%%

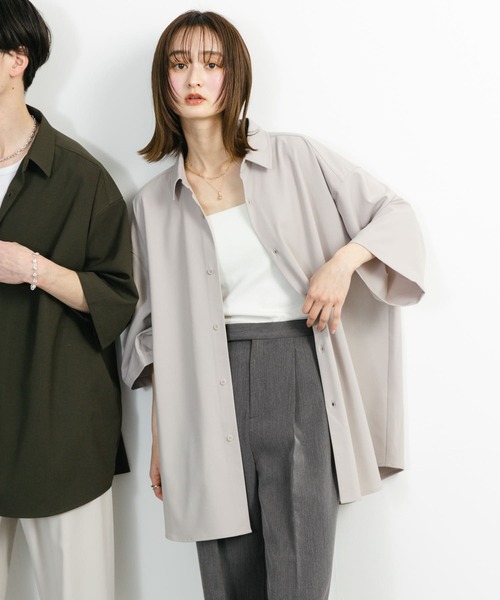 SENSE OF PLACE by URBAN RESEARCH（センスオブプレイスバイアーバンリサーチ）の「『ユニセックス』『イージーケア』エクストラルーズショートスリーブシャツ（シャツ/ブラウス・メンズ・チャコールグレー/ライトベージュ/グリーン・MEDIUM/LARGE）」の22枚目の写真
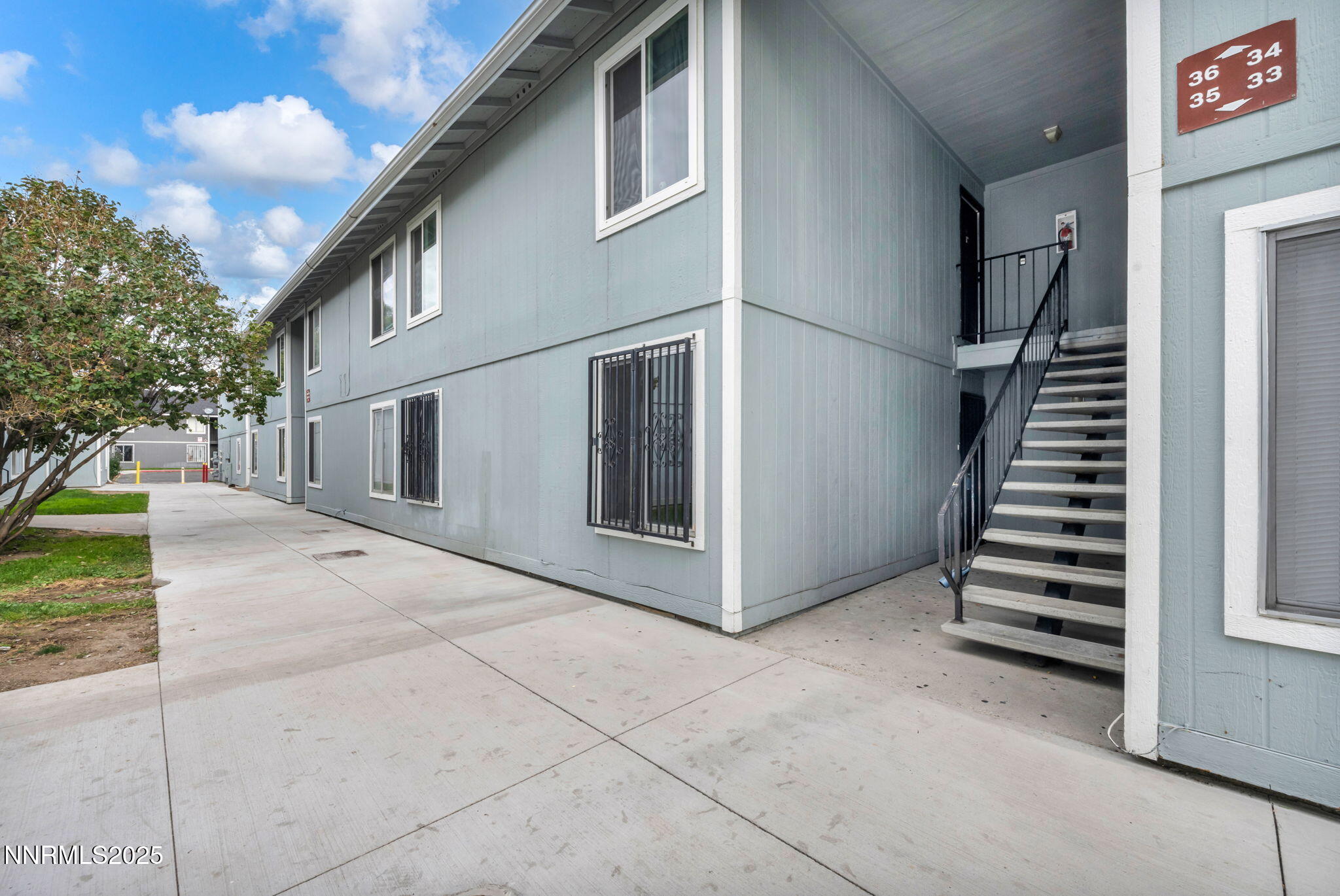 4600 Neil Road Apt 35 — photo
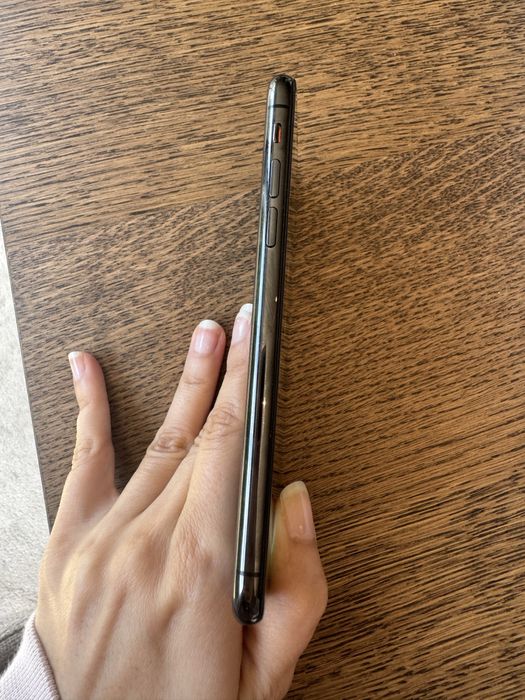 Iphone XS 256GB - funcional mas com risco no ecrã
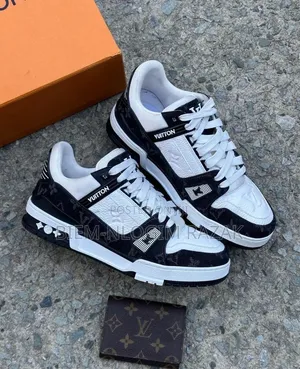 Suoer Quality Luiz Vuitton Brand Sneakers Available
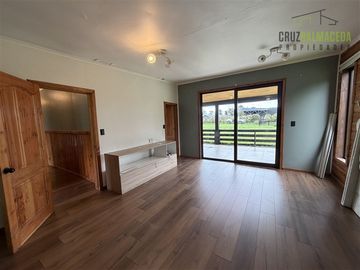 Casa en arriendo de 3 dorm + salita+quincho en Puerto Varas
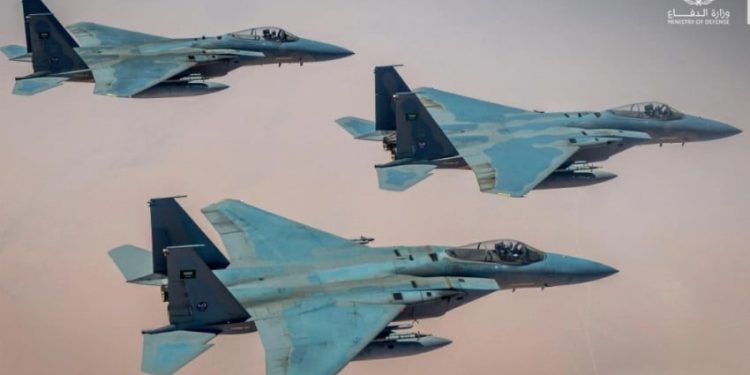 Serangan di Irak Targetkan Milisi Pendukung Iran Bukan Negara Irak Menurut Sumber Arab Saudi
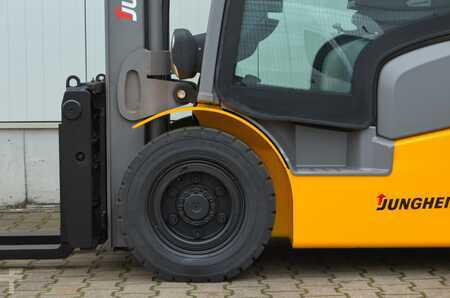 Dieseltruck 2017  Jungheinrich DFG425 - RAVAS Waage - Zinkenverstellung (6)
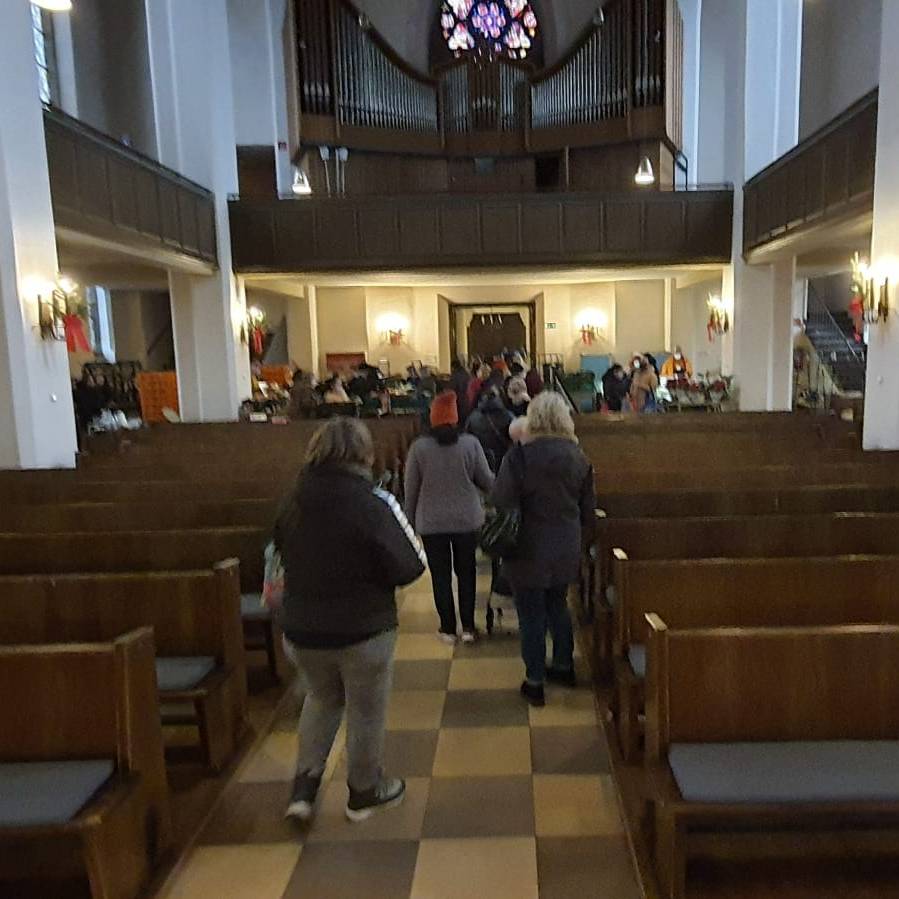 Dortmunder Tafel verteil Lebensmittel in der Lutherkirche in Dortmund Hörde.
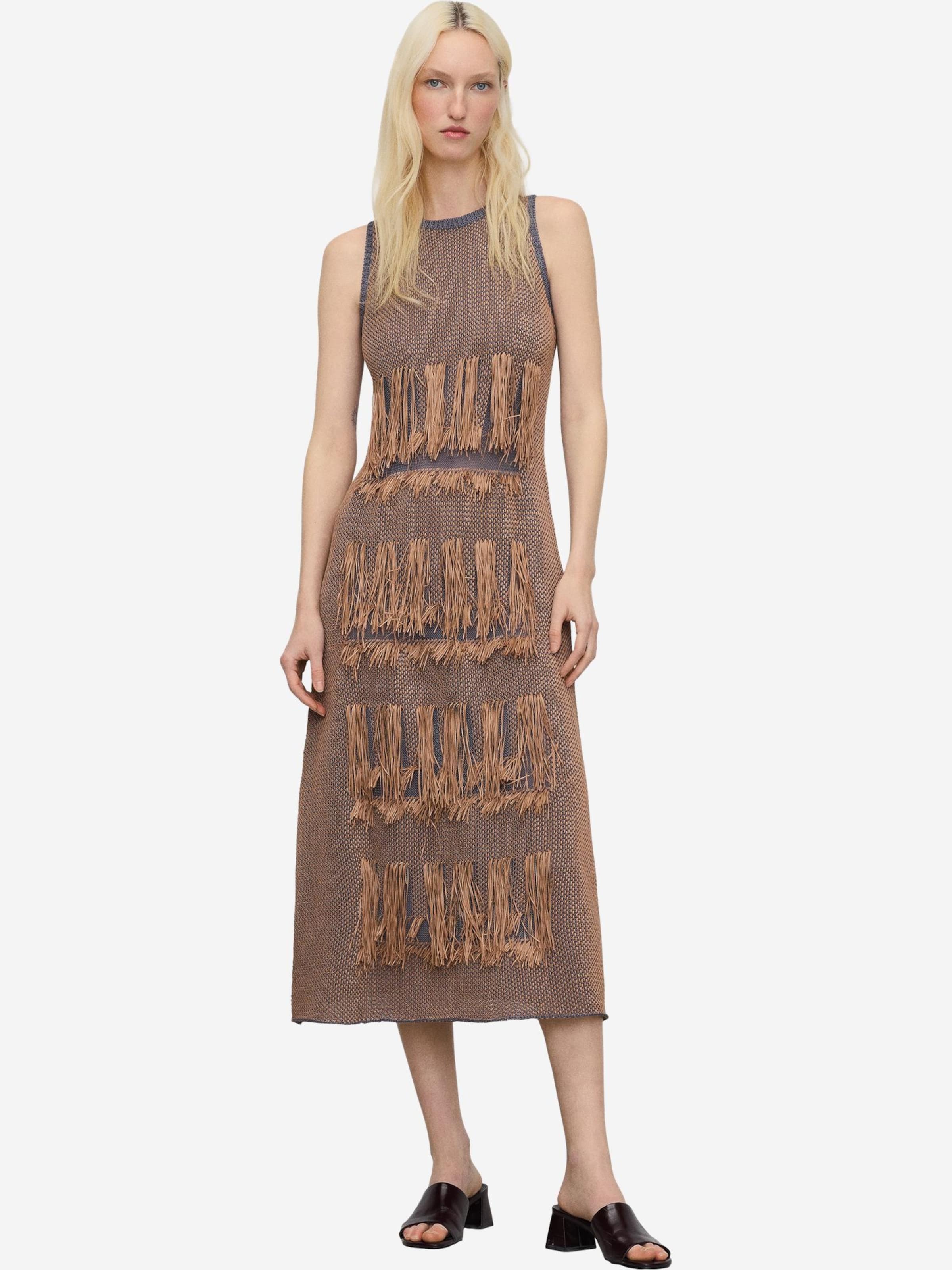 Abito di Adolfo Dominguez in marrone: frontale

%%

* [Work instructions]
Beginning at the line with "Iphone XS 256GB" and ending at the last line of the listing above, retype each line exactly, including those two lines. Leave the pictures out.

* [Task response]
 Iphone XS 256GB - funcional mas com risco no ecrã
 Suoer Quality Luiz Vuitton Brand Sneakers Available
 Casa en arriendo de 3 dorm + salita+quincho en Puerto Varas
 Serangan di Irak Targetkan Milisi Pendukung Iran Bukan Negara Irak Menurut Sumber Arab Saudi
 Dieseltruck 2017  Jungheinrich DFG425 - RAVAS Waage - Zinkenverstellung (6)
 Dortmunder Tafel verteil Lebensmittel in der Lutherkirche in Dortmund Hörde.
 Abito di Adolfo Dominguez in marrone: frontale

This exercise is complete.